Many aggregate functions are provided in SQL Server. In this section, we’ll look at the most common functions such as SUM, MIN, MAX, AVG, and COUNT.

When working with aggregate functions, you need to consider the following points:

  • Aggregate functions return a single (scalar) value and can be used in SELECT statements almost anywhere a single value can be used. For example, these functions can be used in the SELECT, HAVING, and ORDER BY clauses. However, they cannot be used in the WHERE clause.
  • Aggregate functions ignore NULLs, except when using COUNT(*).
  • Aggregate functions in a SELECT list don't have a column header unless you provide an alias using AS.
  • Aggregate functions in a SELECT list operate on all rows passed to the SELECT operation. If there is no GROUP BY clause, all rows satisfying any filter in the WHERE clause will be summarized. You will learn more about GROUP BY in the next topic.
  • Unless you're using GROUP BY, you shouldn't combine aggregate functions with columns not included in functions in the same SELECT list.

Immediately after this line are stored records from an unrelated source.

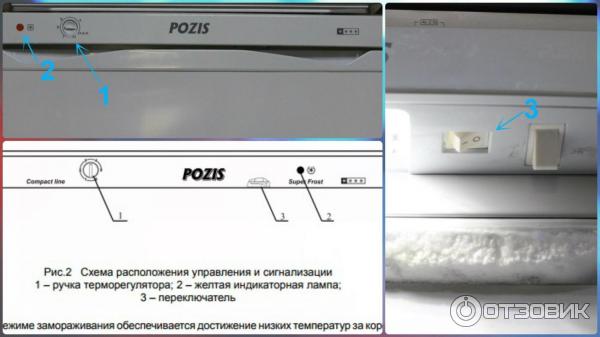 Морозильная камера позис инструкция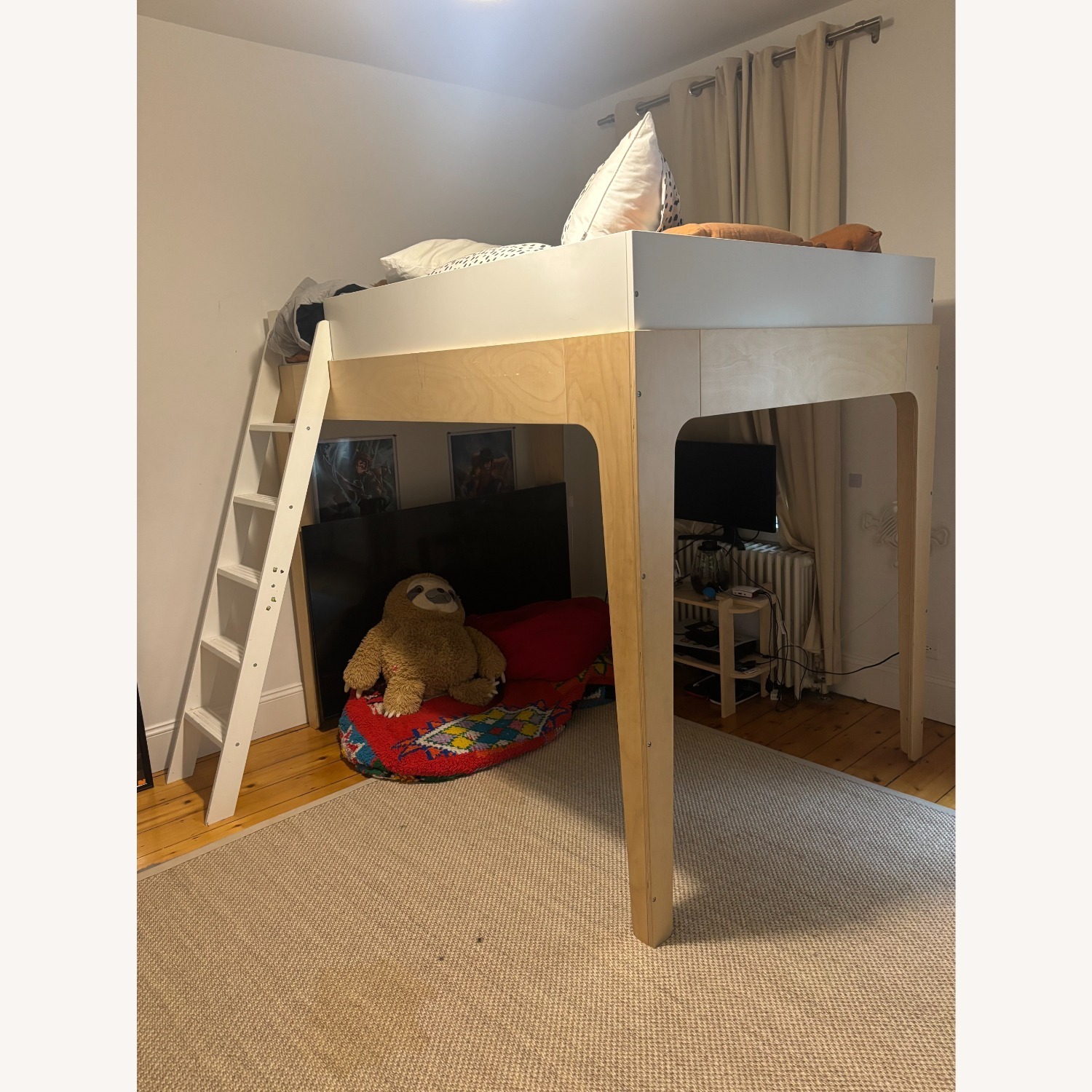 Perch Full Loft Bed - image-2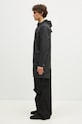 Rains kurtka 12020 Long Jacket 12020.01 czarny AW23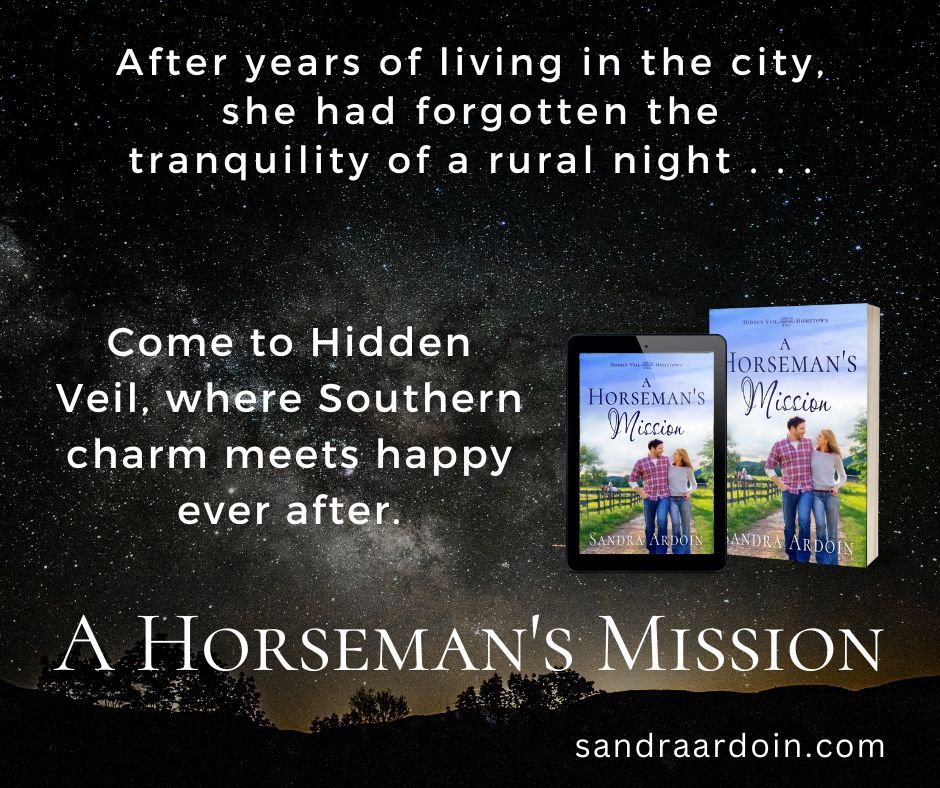She plans to leave Crooked Creek Ranch before the horseman's interference endangers her son's well-being. But she hadn't counted on how hard it would be on her heart. books2read.com/ahorsemansmiss… #ChrisFic #KU #KindleUnlimited #romancebooks #amreading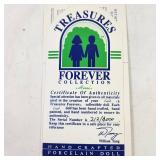 Treasures Forever Collections Porcelain Dolls "Gail"
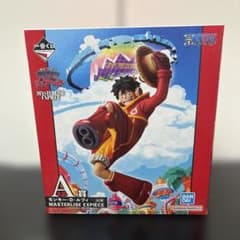 一番くじ ワンピース 未来島エッグヘッド A賞 モンキー・D・ルフィのサムネイル
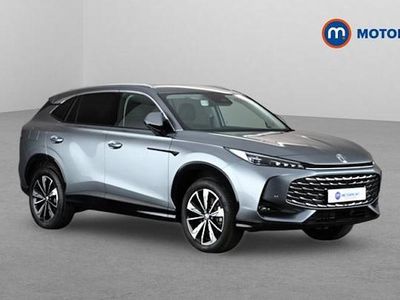 Usado MG HS Trophy 224 HP (164 kW) 2025 Cinzento SUV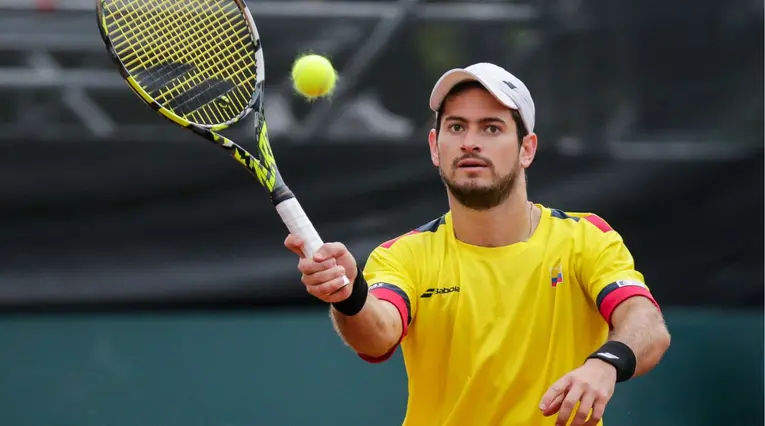 Nicolás Mejía, tenista colombiano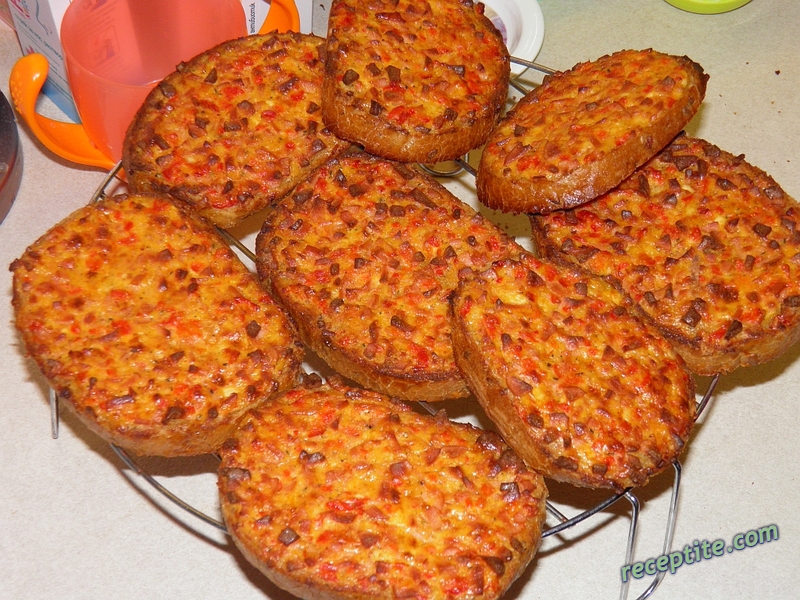 Снимки към Топъл сандвич Мозайка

To extend beyond the built-in functions, SQL Server provides a mechanism for user-defined aggregate functions via the .NET Common Language Runtime (CLR). That topic is beyond the scope of this module.

Built-in aggregate functions

As mentioned, Transact-SQL provides many built-in aggregate functions. Commonly used functions include:

Function Name

Syntax

Description

SUM

SUM(expression)

Totals all the non-NULL numeric values in a column.

AVG

AVG(expression)

Averages all the non-NULL numeric values in a column (sum/count).

MIN

MIN(expression)

Returns the smallest number, earliest date/time, or first-occurring string (according to collation sort rules).

MAX

MAX(expression)

Returns the largest number, latest date/time, or last-occurring string (according to collation sort rules).

COUNT or COUNT_BIG

COUNT(*) or COUNT(expression)

With (*), counts all rows, including rows with NULL values. When a column is specified as expression, returns the count of non-NULL rows for that column. COUNT returns an int; COUNT_BIG returns a big_int.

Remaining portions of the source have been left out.